To garden for the common wasp is to give it space. Let it live! They make paper nests in sheds, lofts and underground. If you can, give a nest a wide berth throughout summer or remove it early in the season so the queen can find another spot to start again. Wear light clothes and stand still if one flies around you. Leave wasp nests in your roof, keep your eyes peeled in early summer for wasps gathering caterpillars and aphids from your plants, and marvel at how hard they work. Then, as the season fades, let them have a bit of jam. Go on, it’s a nice thing to do, a kind thing, and it might just save your plums.


December

I greet the first frost, like the first rains after the drought, with the biggest, happiest grin. It’s absolutely perfect: crisp and clear, with no biting wind to dampen the newness of it.

I head out in it, to the gym, at 6.30 a.m. It’s still dark, with a nip in the air I’ve felt for the first time today. I’m wearing gym leggings and ankle socks, but a jumper, coat and hat for warmth. I stride into the beginnings of a bright orange sun.
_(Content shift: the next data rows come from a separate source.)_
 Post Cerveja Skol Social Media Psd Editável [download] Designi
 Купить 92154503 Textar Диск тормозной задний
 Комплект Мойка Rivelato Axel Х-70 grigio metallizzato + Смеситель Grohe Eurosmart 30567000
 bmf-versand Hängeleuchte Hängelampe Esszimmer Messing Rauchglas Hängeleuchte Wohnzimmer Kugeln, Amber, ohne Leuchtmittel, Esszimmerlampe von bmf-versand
I am cheerful; it’s cheering when the weather behaves as it should.

People always say, ‘What climate change?’ when the weather behaves as it should. As if to say ‘See? No problem! The world isn’t ending. Carry on!’

I reserve the very hardest stares for these occasions, because it is always the same people who failed to notice that it didn’t rain for the entire month of April, who don’t see the vanishing bees, the hungry hedgehogs, the caterpillars clinging to life on shrivelled plants. They notice only the weather that affects them – and here, now, it’s inconveniently cold. Of course, they love the milder winters that climate change has so far brought us. To them, this cold snap isn’t evidence of a further changing climate but of a return to normal: cold. And they don’t like being cold.
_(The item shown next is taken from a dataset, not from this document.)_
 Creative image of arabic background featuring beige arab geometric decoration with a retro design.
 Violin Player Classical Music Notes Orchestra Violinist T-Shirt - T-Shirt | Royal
When I can, I tell these people about the Gulf Stream, and how its collapse will trigger longer, colder winters closer to those of Siberia than southern Europe. But the fact that we don’t know when this will happen makes it an empty threat. At least to them. ‘But not in our lifetime,’ they say. ‘Just be present,’ they say. ‘I wish I could,’ I say.

I look at weather maps posted by meteorologists on Twitter. I see that northern Europe is freezing while southern Europe is extremely warm. Is that weather behaving as it should? An invisible line crosses France and Germany; to the north of it are Arctic winds and freezing temperatures, to the south it’s practically summer. I read about subtropical depressions, the North Atlantic Oscillation, a wind named Sirocco. I learn about blocking patterns that mean certain weather conditions remain stuck for weeks on end. Or do I? It’s all so complicated. How do I know what’s ‘climate’ and what’s just plain old ‘weather’? Is any of this normal?
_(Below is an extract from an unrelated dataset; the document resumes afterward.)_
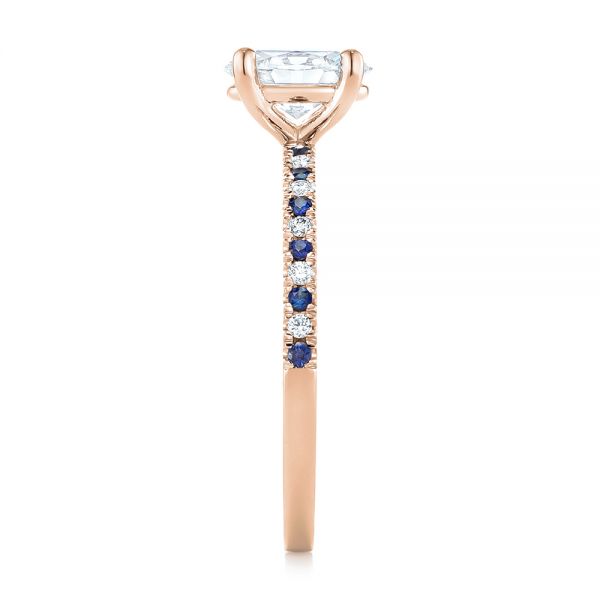 14k Rose Gold 14k Rose Gold Custom Blue Sapphire And Diamond Engagement Ring - Side View -  104207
What I do know is that the first frosts should be in November, not December. That they knock plants back, stop them flowering and hasten leaf fall. They ‘stratify’ seeds, a necessary process for some species, without which they wouldn’t germinate in spring. They kill ‘pests’ like slugs and snails, they break up clay soils, they ensure hibernating species remain hibernating. The first frosts signal the beginnings of autumn, not winter. The beginnings of a pause of growth, of death before rebirth. Everything starts to shrink back. In the garden in winter, I watch plants rot into themselves, gradually turning into skeletal stems and seedheads, which new growth supercedes in spring. Yet every year they remain intact for that little bit longer.

If frost puts the earth to sleep, and it doesn’t get that sleep, does it become tired? Does the ground need sleep like other living things? A winter reset? If bumblebees and hedgehogs wake from hibernation they can waste energy in search of food, which puts them at risk of starvation. Does the land work in the same way? Do plants? I think of those still flowering in my garden: the shrub rose, the perennial wallflower, the sowthistle, the cranesbill geraniums and geums. Are they exhausted? Do they need a rest? I’m grateful they’re getting it, whether they need it or not.